Ao ser lembrado que a pergunta era sobre favelas, ele logo enviou uma lista de comunidades onde a CEDAE está trabalhando para fornecer água. Ao ser lembrado que a pergunta era sobre esgoto, ele disse que o esgoto em favelas era responsabilidade do município. De qual secretaria?
“É Rio Águas, acho” ele disse no último e-mail. Essa fundação realmente cuida de tratamento de esgoto na Zona Oeste, de acordo com o website. Porém, sua função principal é a prevenção de enchentes…
“O saneamento é importante,” diz Salles, organizador da FLUPP, no conforto de uma sala com ar condicionado, para palestrantes, quando perguntado sobre o que diria à mulher medonha na fila da Kombi.”Saúde e educação, também.” Ele suspira. “Não sei fazer saneamento.
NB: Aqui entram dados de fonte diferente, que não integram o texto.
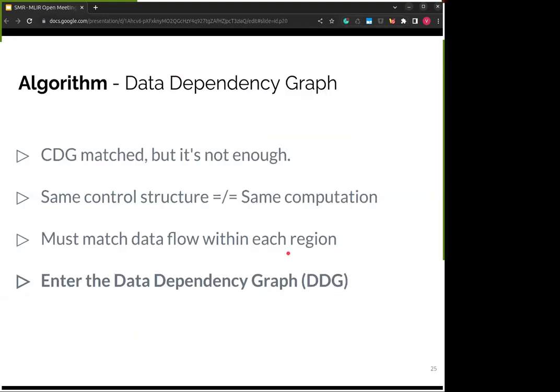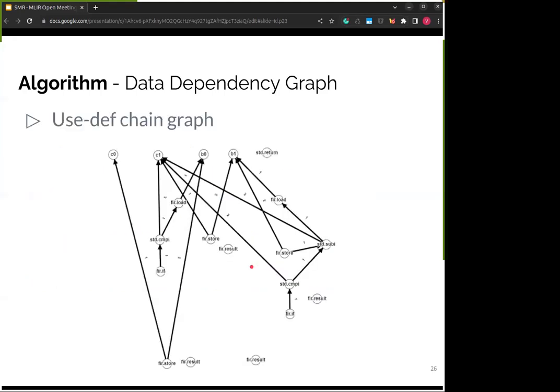Now let's talk about the second stage. Once we have the CDG matched, that's not enough — just because they have a similar control structure doesn't mean they have the same computation. The second stage must match the data flow within the regions that represent the control structure. This is where the data dependency graph comes in. The goal is to represent the data flow of both input and pattern to make a more granular match ensuring the codes are equivalent. We start by looking at the use-def chains, which already give us some data flow information with input and output operands.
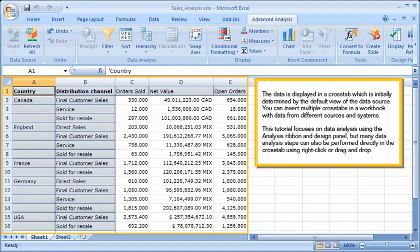The data is displayed in a cross-tab, which is initially determined by the default view of the data source. You can insert multiple cross-tabs in a workbook with data from different sources and systems. This tutorial focuses on data analysis using the Analysis Ribbon and Design Panel, but many data analysis steps can also be performed directly in the cross-tab using right-click or drag-and-drop.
Não ter uma coisa não quer dizer que você não poder ter outras. O conhecimento pode formar pessoas mais preparadas para cobrar o saneamento.”
Após a publicação deste post em inglês, RioRealblog teve a oportunidade de perguntar tanto à representante do PAC, ao nível estadual, Maria Gabriela Bessa; e à presidente do Instituto Pereira Passos, Eduarda La Rocque, do município, sobre o saneamento básico nas favelas. O PAC, disse Bessa, já fez obras de saneamento e fara outras, nos locais onde trabalha: Complexo do Alemão, Rocinha, Manguinhos e Pavão-Pavãozinho. La Rocque disse abertamente que a cidade ainda precisa enfrentar a questão em ampla escala, explicando que em 2007, o então prefeito César Maia assumiu a reponsabilidade pela coleta e tratamento de esgoto nas favelas, mas que pouco foi feito desde então. Quem sabe, é uma boa ideia mesmo manter o nariz num livro.
Tradução de Rane Souza
Bravo Julia!
Obrigada, Tite!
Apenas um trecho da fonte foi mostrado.